Der göttliche Maßstab

Gottes Gebote sind umfassend und weitreichend. Mit wenigen Worten beschreiben sie, wozu der Mensch verpflichtet ist: „Du sollst den Herrn, deinen Gott, lieben von ganzem Herzen, von ganzer Seele, von ganzem Gemüt und von allen deinen Kräften ... Du sollst deinen Nächsten lieben wie dich selbst.“ Markus 12,30.31. Mit diesen wenigen Worten ist alles gesagt, was das Gesetz Gottes fordert. So schreibt denn auch Paulus: „So ist nun die Liebe des Gesetzes Erfüllung.“ Römer 13,10. Die Bibel gibt nur eine einzige Definition der Sünde, nämlich: „Die Sünde ist die Gesetzlosigkeit.“ 1.Johannes 3,4 (EB). Weiter sagt das Wort Gottes: „Sie sind allesamt Sünder und ermangeln des Ruhmes, den sie bei Gott haben sollten.“ Römer 3,23. „Sie sind alle abgewichen und allesamt verdorben. Da ist keiner, der Gutes tut, auch nicht einer.“ Römer 3,12. Viele täuschen sich über ihren eigenen inneren Zustand. Sie sehen nicht ein, daß sie von Natur aus maßlos unaufrichtig und von Grund auf verdorben sind.
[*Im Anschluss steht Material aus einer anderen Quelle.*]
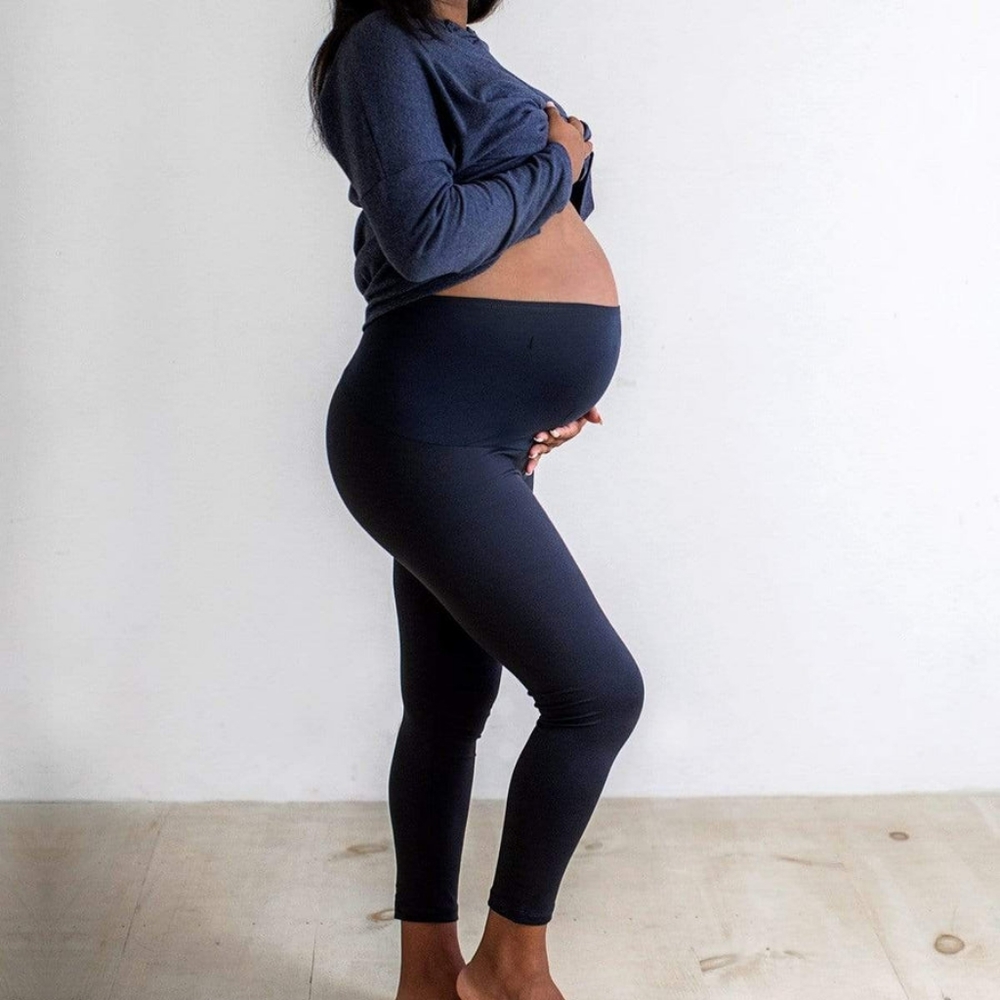 Tupelo Honey COMFY MATERNITY ANKLE LEGGINGS, Medium Black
Sie zimmern sich ihre eigene Gerechtigkeit zusammen und sind zufrieden, wenn sie den menschlichen Maßstäben genügen, die sie an ihren Charakter anlegen. Das aber ist tödlich, denn sie werden scheitern, wenn sie dem göttlichen Maßstab nicht entsprechen. Die Anforderungen Gottes aber kann niemand von sich aus erfüllen.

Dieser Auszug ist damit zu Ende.